● Exercise objective
Nothing but an exact copy is asked for: the lines in the material below from the one with "Building Photo - 1055 Crystal Way" through the one with "321 Hemlock St S, Stillwater, MN 55082", pictures excluded.

● Data for processing
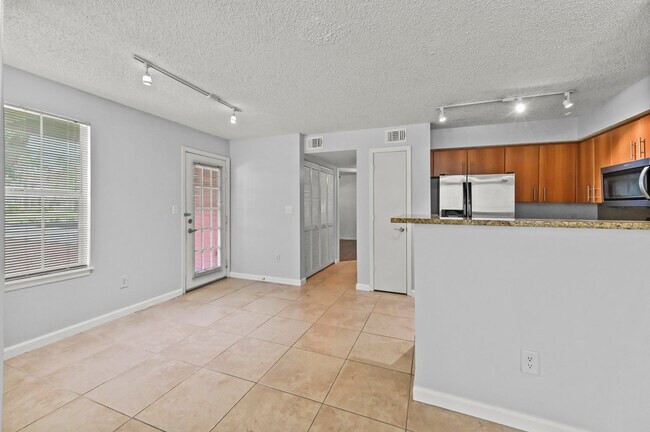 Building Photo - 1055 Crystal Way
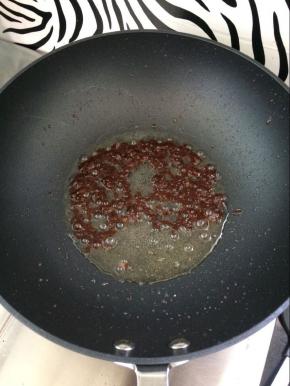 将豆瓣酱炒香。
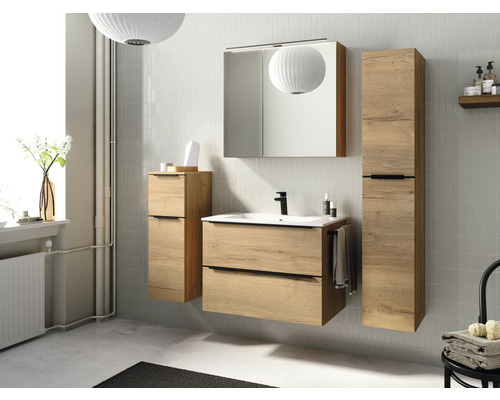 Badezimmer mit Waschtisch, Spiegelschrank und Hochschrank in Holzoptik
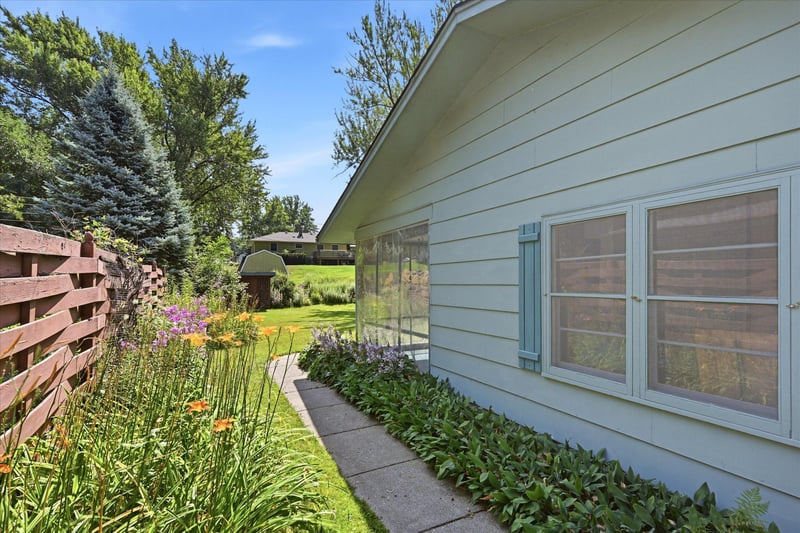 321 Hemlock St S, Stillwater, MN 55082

---

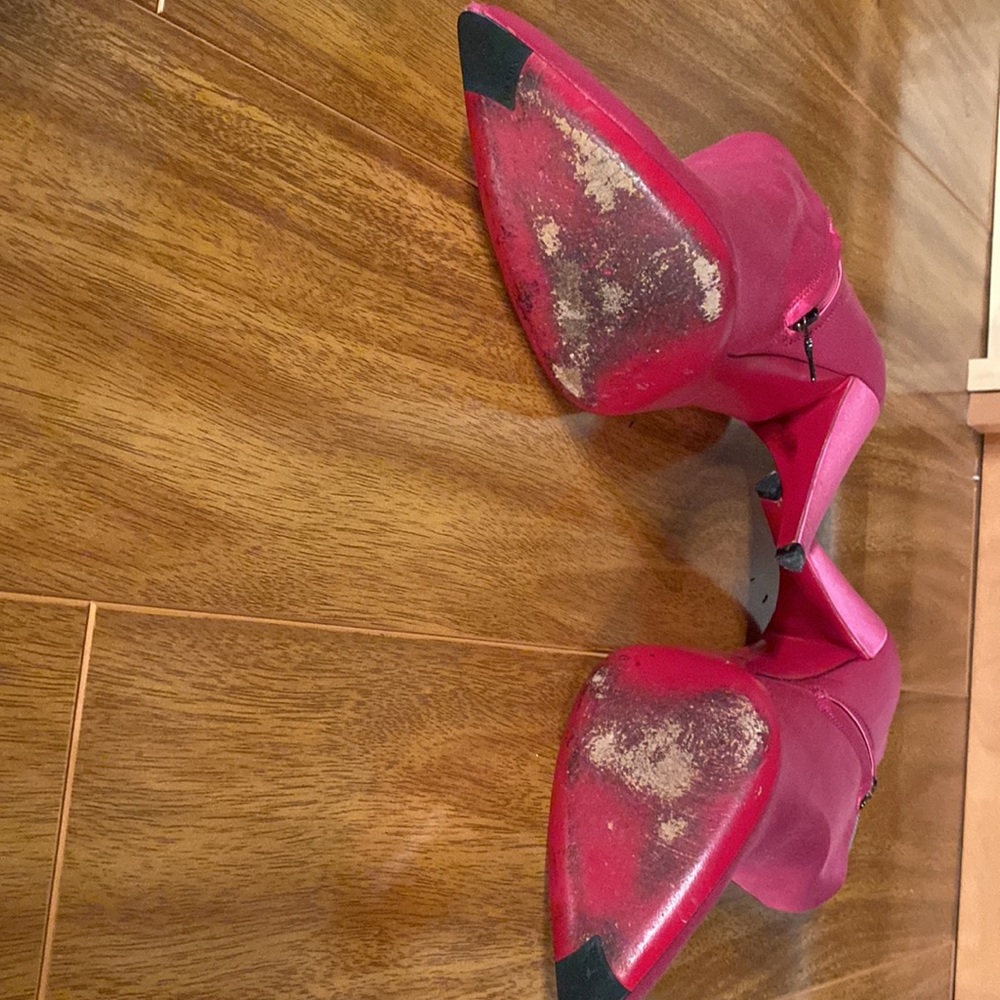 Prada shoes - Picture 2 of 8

---

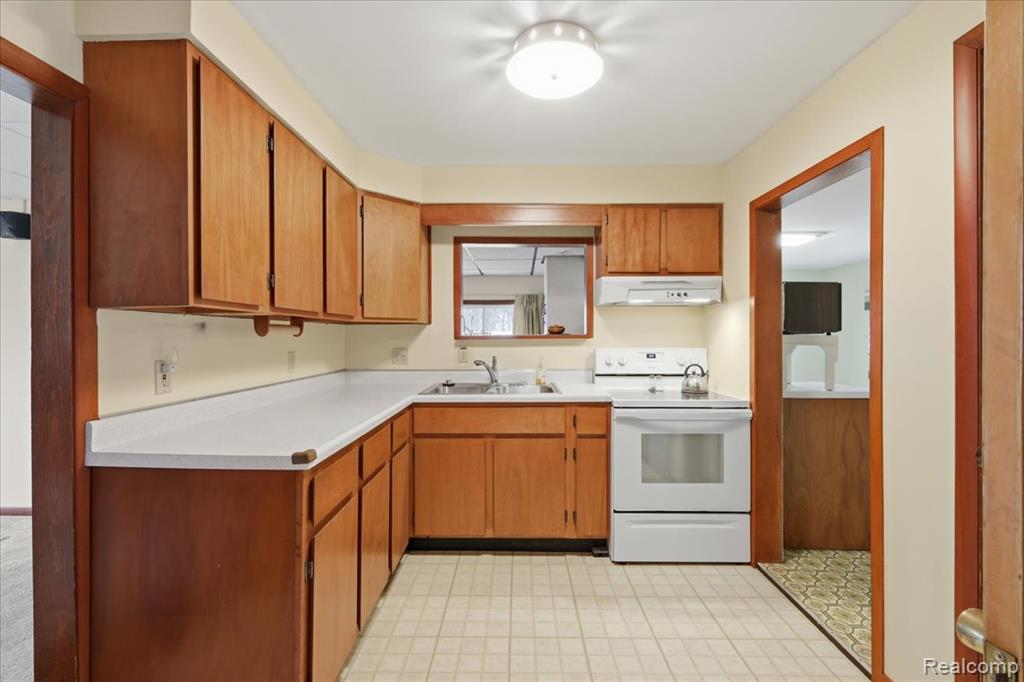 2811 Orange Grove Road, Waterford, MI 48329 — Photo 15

● Solved problem
 Building Photo - 1055 Crystal Way
 将豆瓣酱炒香。
 Badezimmer mit Waschtisch, Spiegelschrank und Hochschrank in Holzoptik
 321 Hemlock St S, Stillwater, MN 55082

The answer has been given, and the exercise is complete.